Lee Jae-myung (left) and Yoon Seok-youl — the two front-runners in the March 9 South Korean presidential election | KYODO
Park Jung-jin, a professor of international relations at Tsuda University in Tokyo, agreed, citing Lee Jae-myung's request for a meeting, if elected, with Kishida and call for future-oriented cooperation with Tokyo during Dec. 27 talks with Japanese Ambassador to South Korea Koichi Aiboshi.
"Whether Mr. Lee or Mr. Yoon wins the race, it will be an opportunity for Seoul and Tokyo to reset ties," Park said in an interview. "Mr. Yoon, known for his pro-U.S. policy, would approach the Kishida government more proactively than Mr. Lee."
"But I find it hard to be optimistic about the outlook of bilateral relations, at least in the near term, given that the comfort women and wartime labor issues have become so politicized in the two countries," he said. "Comfort women" is a euphemism for those who suffered under Japan's military brothel system before and during World War II.

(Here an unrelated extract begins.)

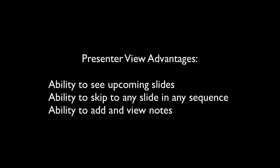The top three reasons we use it are the following. One, the ability to see upcoming slides. Two, the ability to skip to any slide. And three, the ability to view notes.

Moon effectively nullified a 2015 agreement his predecessor Park Geun-hye's administration struck with then-Prime Minister Shinzo Abe's government to "finally and irreversibly" resolve the issue of comfort women.
As Abe's foreign minister at that time, Kishida played a key role in reaching the landmark agreement with South Korea, with U.S. Secretary of State Antony Blinken said to have been involved in the process behind the scenes when he was deputy secretary of state.

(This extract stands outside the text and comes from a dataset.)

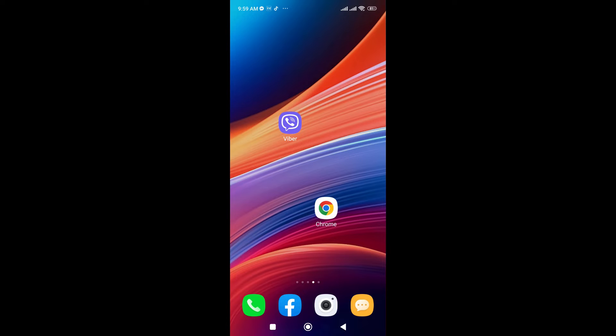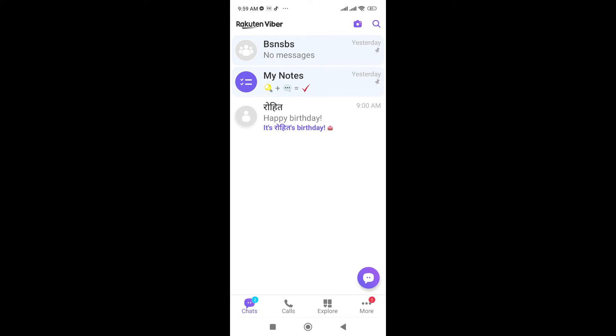So here I have already downloaded my Viber app, so I'm going to open this. Right after that, this is the interface that comes in front of you when you open the Viber app.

Tokyo-Seoul ties took yet another hit after South Korea's Supreme Court in 2018 separately ordered two Japanese companies to pay compensation to requisitioned Korean workers — rulings Tokyo dismissed as being in violation of international law.
While Moon has been seeking to resolve the comfort women and wartime labor issues based on the will of victims and their kin, Japan maintains all issues concerning properties and claims related to its colonial rule were "settled completely and finally" under an agreement the two countries signed in 1965 alongside a treaty that normalized diplomatic relations.
With the two sides repeating calls on each other to take steps to address the disputes, Yoon said he would not exploit historical tensions with Japan for a domestic political gain — in a veiled criticism of Moon — and that he would try to resolve the rows, together with economic and security issues, in a comprehensive way.
Yoon stopped short of providing details. But analysts say issues that could warm up ties include South Korea's planned application to join the Comprehensive and Progressive Agreement for Trans-Pacific Partnership, Seoul's import restrictions on some Japanese food products and Japan's export controls on semiconductor-related materials to South Korea.
"Whoever wins, it will be positive if Mr. Kishida shows a goodwill gesture to the new South Korean government such as supporting Seoul's bid for a TPP membership," said Lee Seong-hyon, who doubles as a senior fellow at the George H. W. Bush Foundation for U.S.-China Relations in Houston.
Such a gesture, he said, would lead to the lifting of the import curbs South Korea slapped on some Japanese agricultural and fishery products in the wake of the 2011 Fukushima nuclear disaster.
He also suggested Tokyo also invite Seoul to join "the Quad" grouping of Australia, India, Japan and the U.S. in nonmilitary fields such as COVID-19 vaccine cooperation, clean energy and cybersecurity, and gradually widen areas of engagement.
Tsuda University's Park said he does not expect a policy shift by Japan before this summer's House of Councilors election because any rush by Kishida to deal with his new counterpart in Seoul — who will take office in May — would risk backfiring or making itself an electoral issue.